For Little Simz, this wasn’t just another gig. “Wow Alexandra Palace,” the 29-year-old rapper beamed as she looked out at a sea of 10,000 rapt faces. “I used to come ice skating here, crazy!”
The north London-born Simbiatu Ajikawo talked us through her connection with her local venue: the family trips as a child; the time she opened for Jungle in 2019 just as her third album Grey Area gave her breakthrough acclaim. Now, decorated with a Mercury Prize win for 2021 album Sometimes I Might Be Introvert, a Brit Award and approval from Barack Obama, her own moment had come: Simz has sold out the enormodome twice over. “It really is possible,” she said on one of several follow-your-dreams asides.
It is when you’re as talented as Simz.
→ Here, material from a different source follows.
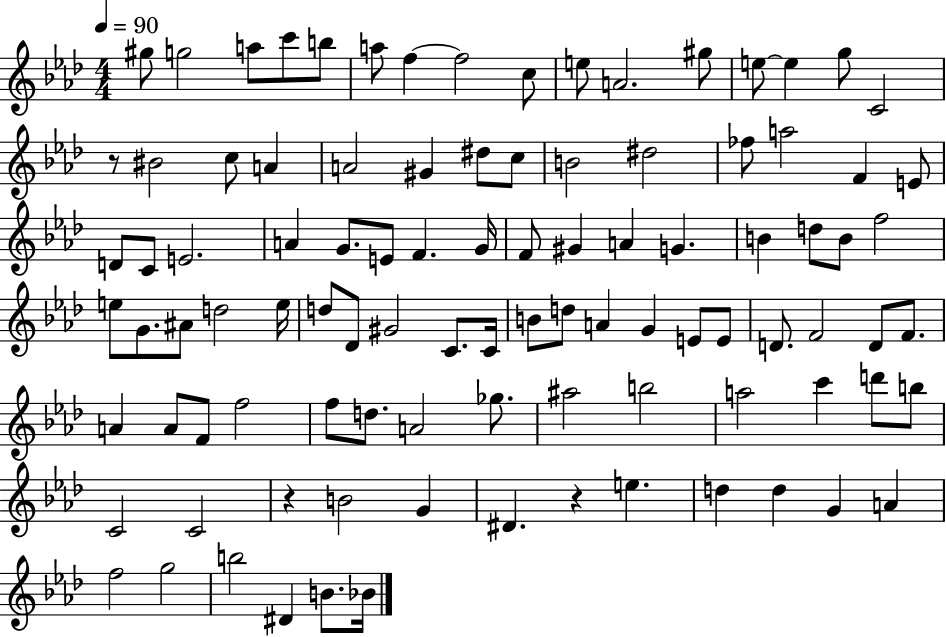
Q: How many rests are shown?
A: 3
Her music takes in a striking breadth of styles – hip hop, grime, soul, funk jazz, gospel, afrobeat, electronica – while her lyrical focus adeptly balances dextrous confessional vulnerability with flashes of bravado. She spills on everything from trauma, poverty, violence, mental health, racism, the introvert’s need for validation, family tension – the dense beat of “I Love You, I Hate You”, about her relationship with her sister, was an early highlight – and patriarchy, particularly the hierarchy of the music business and her struggle to get heard.
Simz’s skill is to take these particular experiences and make them accessible: it is easy to be swallowed up by Ally Pally’s hollow atmospherics, but on Friday night Simz triumphed by taking the crowd with her on an expertly constructed journey of self-discovery.
Fearlessly performing solo for the show’s first half – she attacked “might bang, might not” and “Venom” with rapid-fire sheer force – from the off she exuded effortless star power. Dressed to kill in black bomber jacket, oversized white shirt, black tie and black gloves, she swayed, shimmied and strutted around in total command – she was so at ease she signed autographs on the barrier mid-song; when she asked for a moment’s silence “for world peace”, you could hear a pin drop.
Behind her was a video production befitting her status, a hi-tech visual pattern of realistic yet artificial silhouettes that would come and go throughout; for the gospel opener of “Silhouette”, they formed a circled choir; during 2019’s council estate vignette “101 FM”, the silhouettes danced on top of hi-rise flats, helicopters flying overhead, a no doubt pointed show of how far Simz has come.
Simz was joined for the second half by two musicians who swelled out the sound skilfully. “Introvert”, Simz’s take on a big band orchestral anthem, sounded huge; the propulsive African rhythms of “Point and Kill”, featuring Simz on guitar, was a joy. The soulful ballad “Selfish” proved as swoonsome as ever.
Simz revealed towards the end that she’d been under the weather and needed help to push through: it came in the shape of Cleo Sol, who duetted on call-to-arms “Woman”, while for the closing “Gorilla”, an utterly brilliant liquid groove from 2022’s surprise fifth album No Thank You. The crowd duly obliged, bellowing back the track’s tracing of humble beginnings to rap stardom.
“London, I need you to understanding you’re witnessing greatness,” Simz said at one point. On a night that felt like the crowning of a special British talent, nobody was arguing.